* [PROBLEM REQUIREMENTS]
Write out the listing exactly, dropping any picture it contains.

* [DATA EXCERPT]

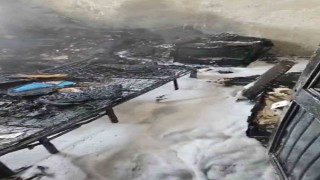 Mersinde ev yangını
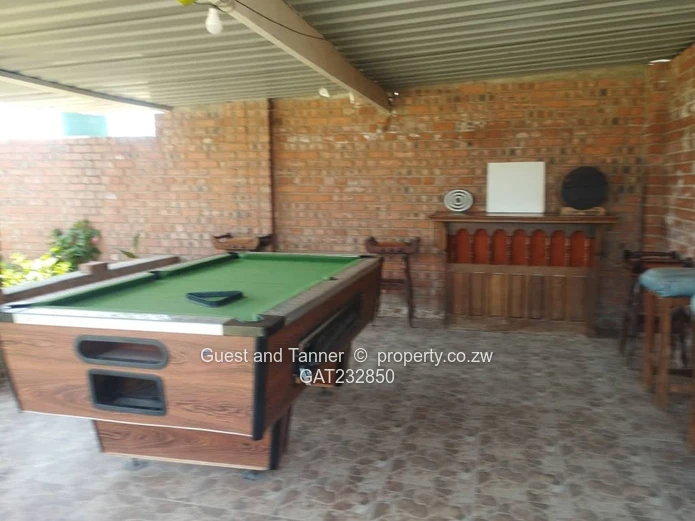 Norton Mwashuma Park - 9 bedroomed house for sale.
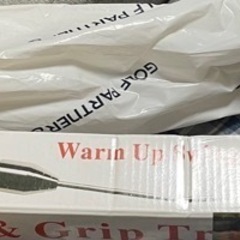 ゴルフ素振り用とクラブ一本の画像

* [RESPONSE TO THIS EXERCISE]
 Mersinde ev yangını
 Norton Mwashuma Park - 9 bedroomed house for sale.
 ゴルフ素振り用とクラブ一本の画像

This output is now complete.